Now, while this is by far the best solution I’ve found, it isn’t perfect. Most of the challenges come from Syncthing expecting you to sync normal files, not piles of encryption.

  • Because even the filenames are encrypted, most of Syncthing’s activity logs are much less useful.
  • When the rare collision does happen, the collision copy shows up in the encrypted hierarchy and you never see anything in the cleartext mount.
  • When I need to restore a file, I have to manually figure out which crypto file goes with the plaintext file I need to recover and then restore that.
  • Syncthing does not like syncing tons of small files. This is due to per-file overhead in the sync magic. This means you don’t really want to compile the kernel in a synced directory. On the plus side, this has forced me to be more diligent about source control. Instead of trusting my archives to protect my living source, I actually run branches and check everything in now. When working on any given codebase I check it out into a temporary directory outside of the sync hierarchy and don’t worry about the slight chance of hardware failure borking the working copy.
  • The Android client has some wonks. The most annoying one is that something on my phone keeps trying to update the modification time on files even though Syncthing is configured as read-only (e.g. the phone is not allowed to change the files, only read from the cluster and share cluster-approved versions with other members). It’s likely something to do with how Android handles storage. The other nodes are configured to ignore changes from the phone as well, so nothing bad happens to the data, but the phone occasionally shows up as out of sync until I pull up the UI on the phone and hit Revert Local Changes.

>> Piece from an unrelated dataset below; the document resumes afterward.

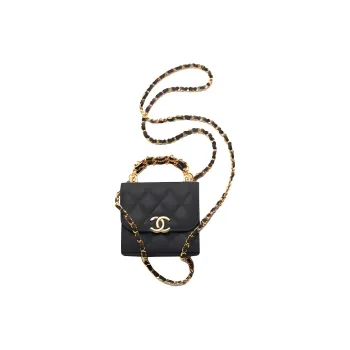 CHANEL 22K Autumn And Winter Litchi Cow Leather Flap Bag Crossbody One Shoulder Handbag Women's Black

  • As you grow in node count, confirming every relationship on both sides gets old. If I move much beyond the 5-nodes I have right now, I’ll likely look into abandoning full-mesh for tiers and/or managing configurations with Ansible or some such.
  • You could complain this this is a lot of data duplication – a waste of storage space. I get it. However, storage is cheap. I’m very happy “wasting” storage space on all of my endpoints compared to the risks and inconveniences of the alternatives.